Like clockwork, administrators immediately set up a command center at General Hospital, the largest of the system's three facilities, and secondary command posts at Memorial Hospital and Women and Children's Hospital.

Staff utilized every communications tool available to keep information flowing among patients, staff, vendors, county and state officials, other area hospitals and anyone who could help to ease the burden during the five-day water ban.

The priorities were to find water to replace the average 7,200 gallons CAMC uses each weekend to care for patients and to determine which clinical services they could still perform. Elective surgeries were canceled for that weekend and trauma cases were diverted to other hospitals, Crotty says.

Within a few hours of contacting the county emergency services department, a 7,000-gallon water tanker was stationed outside General Hospital, says Joe Tucker, system director, housekeeping and logistics. A 1,200-gallon drum filled with water was delivered to one hospital and a 400-gallon drum to another facility, Tucker says.

Local vendors delivered water coolers and ice coolers to the hospitals to ensure that each nursing unit had sufficient water for patients. CAMC also had stored about 24,000 bottles of water on-site for an emergency, Tucker adds.

Eight dialysis stations kept working because another tanker truck was brought in for that unit along with a makeshift piping system that supplied water to the unit from the truck, Crotty says.

Endoscope cleaning continued thanks to a system devised by one of the facilities' staff members. Water was hand-carried from a storage tanker to a 450-gallon drum moved inside the hospital. Water then was pumped to the scope washers using a rigged-up piping system, says Wyatt Roderick, vice president of facilities management, Jones Lang LaSalle, a vendor management partner.

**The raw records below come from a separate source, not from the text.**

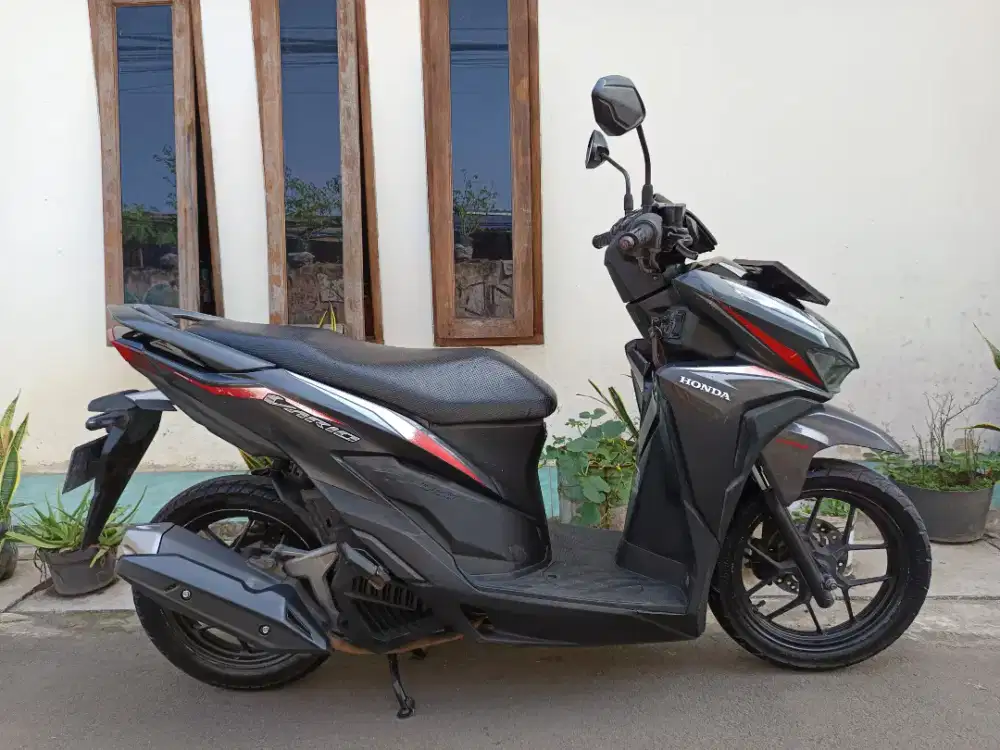 Honda vario led new 125 2018 mesin halus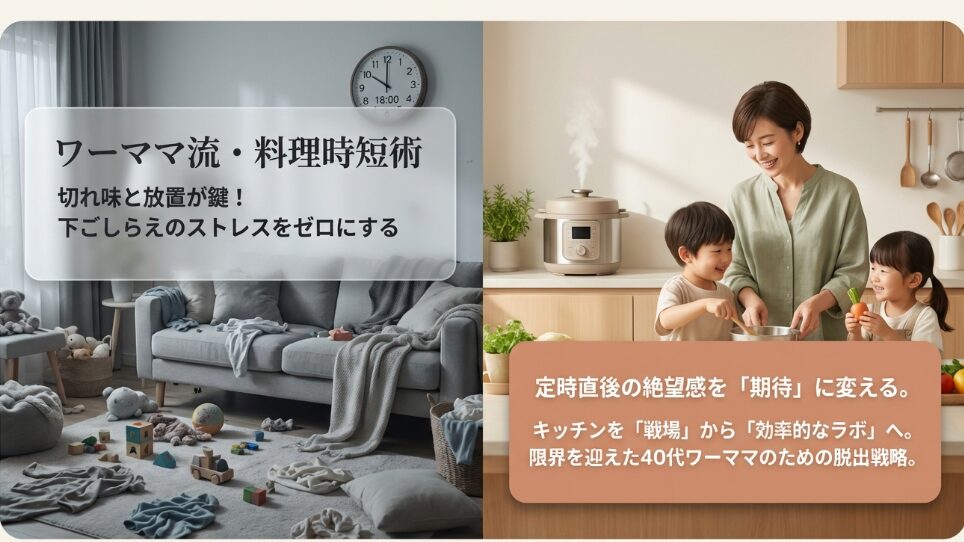 ワーママ流・料理時短術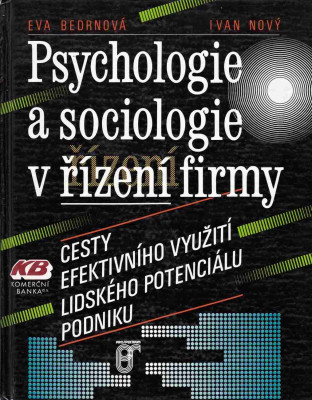 Psychologie a sociologie v řízení firmy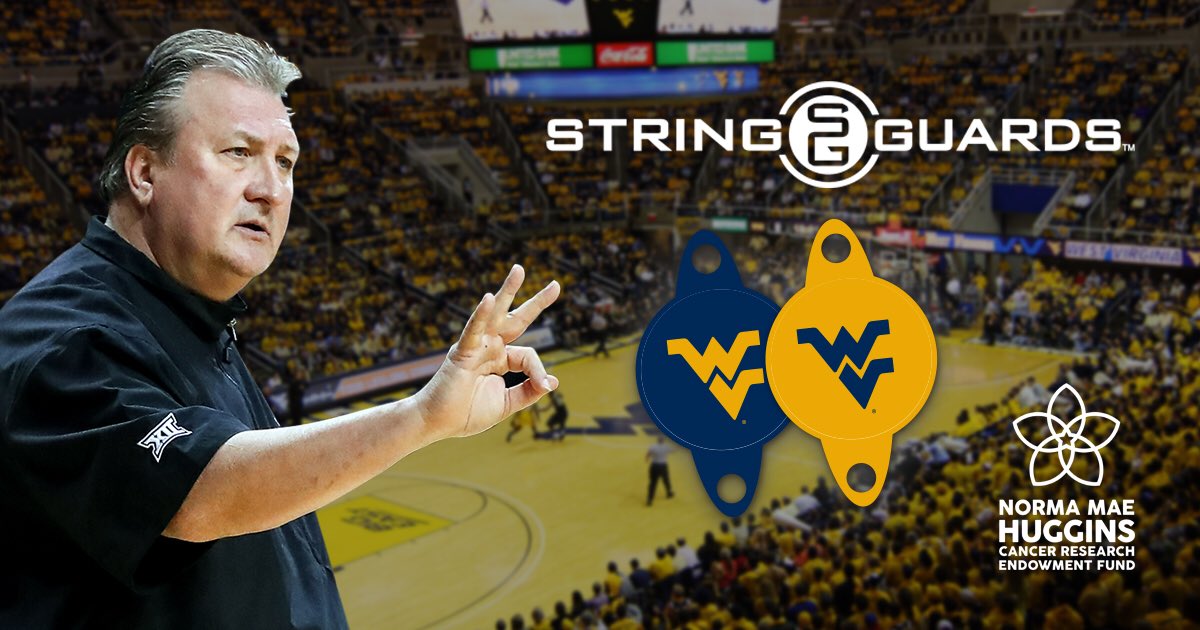 CoachHuggs's tweet photo. Excited to be a part of the SGFam! Go check out @stringguardsusa. A portion of all proceeds will go to the Norma Mae Huggins Cancer Research Fund. #stringguards #sgfam21 #WVU https://t.co/pXTVTKryG3
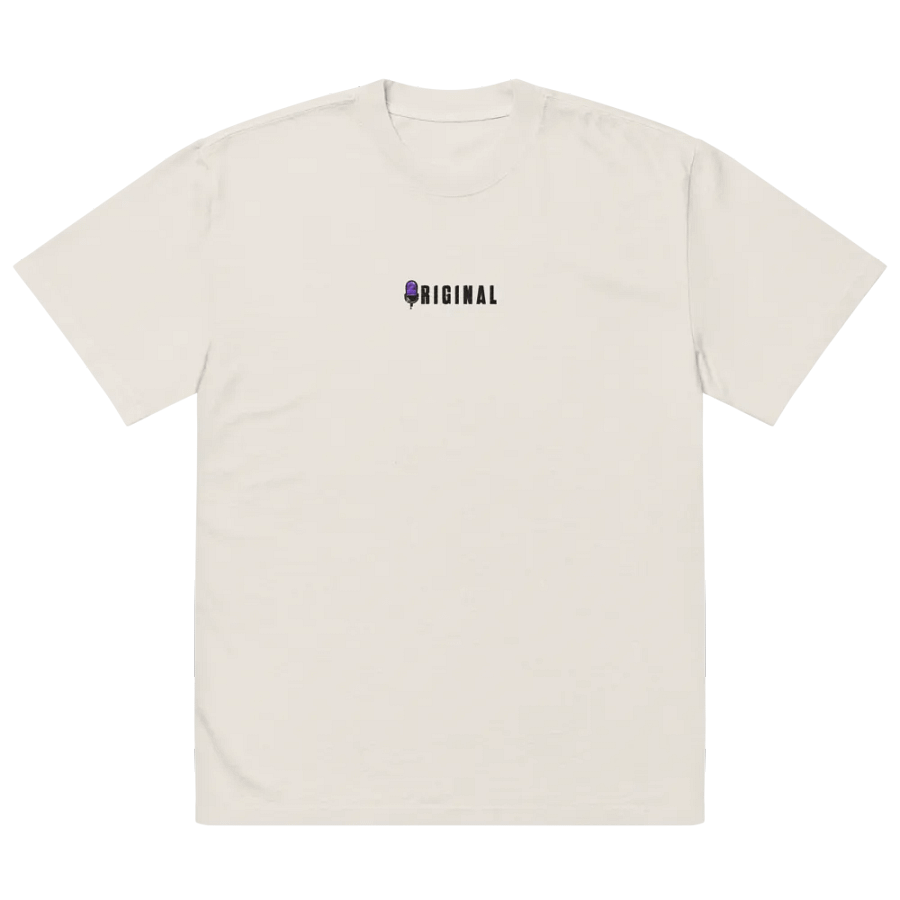 Original Iconic Oversized Tee product image (8)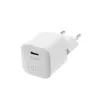 USB-C cestovná nabíjačka FIXED FIXC20M-CL-WH s integrovaným káblom USB-C na Lightning, 20W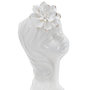 Voir la diapositive 2 : Paris Prix Vase Déco en Porcelaine  Young Lady  24cm Blanc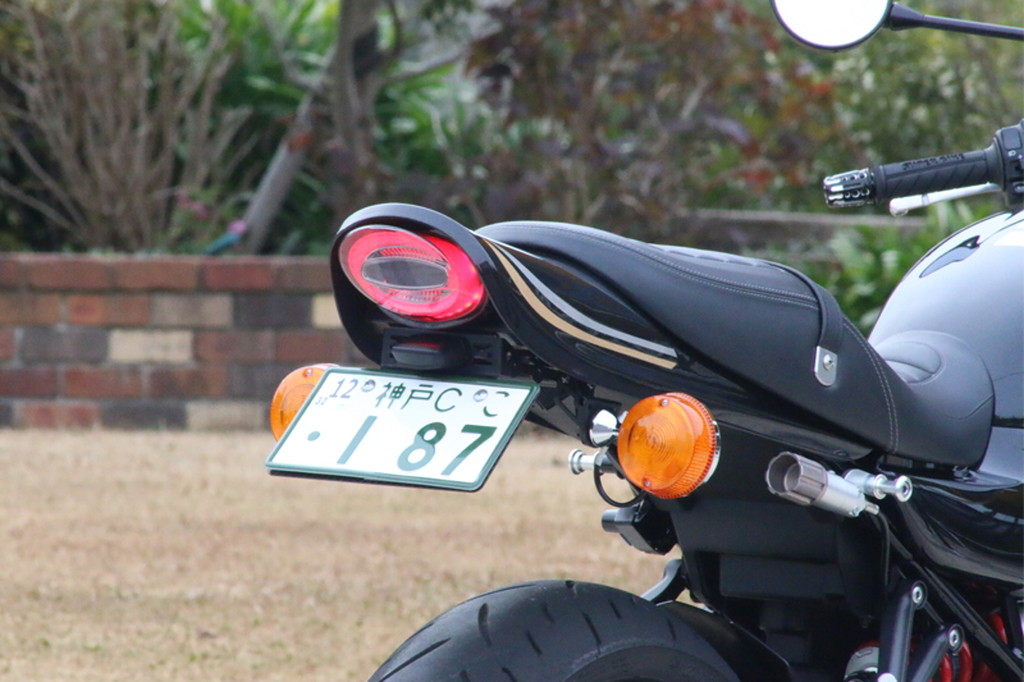 PMC �ԡ����ॷ�� LED��󥰥ݥ������ơ������ Z900RS KAWASAKI ���掠�� �ơ������ ������ ������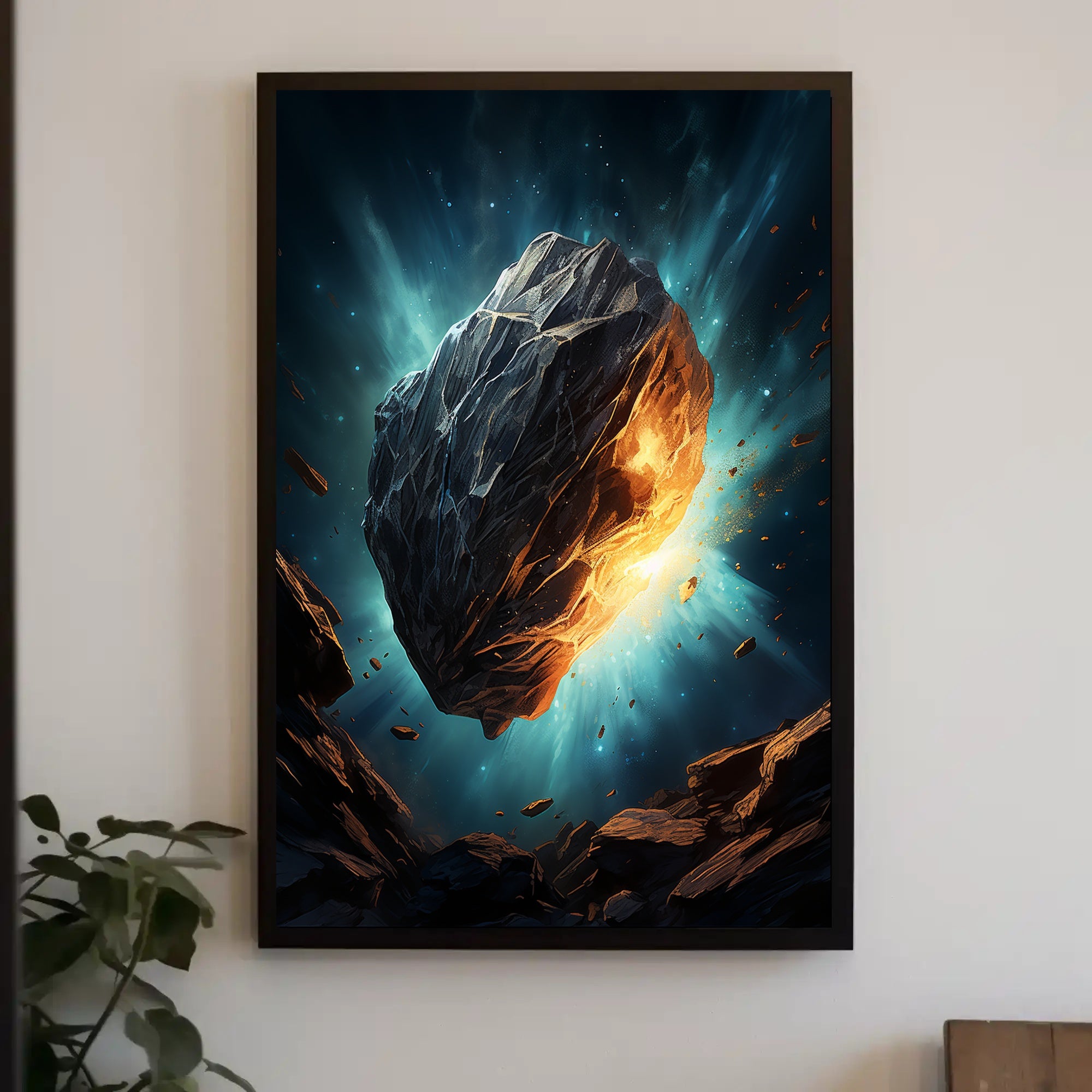 Cosmic Impact Poster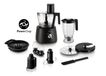 Philips Avance HR7776/90 Foodprocessor - 1300W - Zwart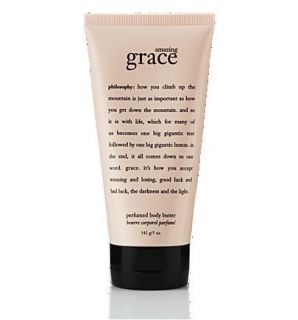 PHILOSOPHY AMAZING GRACE PERFUMED BODY BUTTER=5oz TUBE LIMITED EDITION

CAMC Teays Valley Hospital, which was not affected by the chemical spill, helped by sterilizing 450 sets of medical instruments before CAMC was cleared to start using its autoclaves again, Crotty says. Another nearby hospital cleaned thousands of pounds of linen.

The bill for purchasing water and other services and equipment plus revenue lost from cancelled surgeries ultimately could total up to $1 million, Crotty says.

He praised the staff's dedication and hard work in getting the health care system through a highly sensitive few days.

Most importantly, of course, no patients were harmed during that time.